As mentioned above, the aorta is grossly divided into ascending, arch and descending portions. It can then further be divided into distinct zones, as shown in [Fig. 1].

Zoom Image
Fig. 1 Aortic zones. Reproduced with permission from Rodriguez et al 2019.[54]

The first part of the ascending aorta is described as Zone 0, anatomically described as between the aortic valve annulus and the origin of the brachiocephalic artery,[6] can then be itself subdivided based on the location of the sinotubular junction, with subzone A located below the sinotubular junction, subzone B extending from the sinotubular junction to the mid-ascending aorta, and subzone C including the mid-ascending to distal ascending aorta.[6] The ascending aorta is highly variable with respect to its morphology and patient-specific anatomy.

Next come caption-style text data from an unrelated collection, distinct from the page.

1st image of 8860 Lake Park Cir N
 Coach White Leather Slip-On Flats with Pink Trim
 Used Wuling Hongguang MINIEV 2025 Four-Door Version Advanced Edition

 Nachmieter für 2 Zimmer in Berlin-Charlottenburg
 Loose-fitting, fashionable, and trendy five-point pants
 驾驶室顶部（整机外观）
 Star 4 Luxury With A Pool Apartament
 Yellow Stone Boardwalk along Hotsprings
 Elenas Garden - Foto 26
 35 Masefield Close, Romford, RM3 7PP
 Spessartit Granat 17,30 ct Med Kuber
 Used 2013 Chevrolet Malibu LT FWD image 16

Given the lack of a dedicated graft being commercially available, there is a discordance with regard to the design of implants relative to the anatomy of the ascending aorta.[6] Currently employed grafts have a straight and tubular design, in contrast to the native aorta, which has a slight curve. Furthermore, the posterior wall of the aorta and lesser curve of the aorta are therefore shorter in linear distance when compared with the greater curve and corresponding anterior wall, which have a longer length.[7]

The arterial wall comprises three layers: the intima, media, and adventitia. The tunica media is composed of lamellar units interconnected by a network of elastic fibers and collagen.[7] These lamellar units decrease along the more distal aorta in terms of absolute number, and the number of units positively correlate with physiological pressure and elasticity. The ascending aorta, namely Zone 0, is highly dynamic during the cardiac cycle.[7] This is perhaps epitomized by the Windkessel effect, in which approximately 50% of left ventricular stroke volume is stored in the proximal aorta during systole.[8] Physiologically, this allows for continuous blood flow to the periphery during diastole and reduced left ventricular afterload, simultaneously improving coronary blood flow and diastolic relaxation of the left ventricle.[7]

The elastic fibers exhibit low rates of turnover, and progressively accumulate age-related fragmentation, calcification, and decay due to the basal activity of matrix metalloproteinases found within the arterial wall.[8] In contrast, collagen found within all three layers of the arterial wall increases with age.[9] As the ratio of collagen: elastin fibers continues to increase with age, these fibers become progressively glycated via a nonenzymatic reaction predicated on the presence of reducing sugars.[9] As these glycated end products accumulate, they become mechanically cross-linked and work to decrease the availability of nitric oxide availability, further impacting the maintenance of vascular tone via mechanical and chemical changes.[10] This ultimately results in an age-related decrease in the Windkessel effect, increased systolic resistance, and negative impact on coronary blood flow with decreased myocardial perfusion.[10]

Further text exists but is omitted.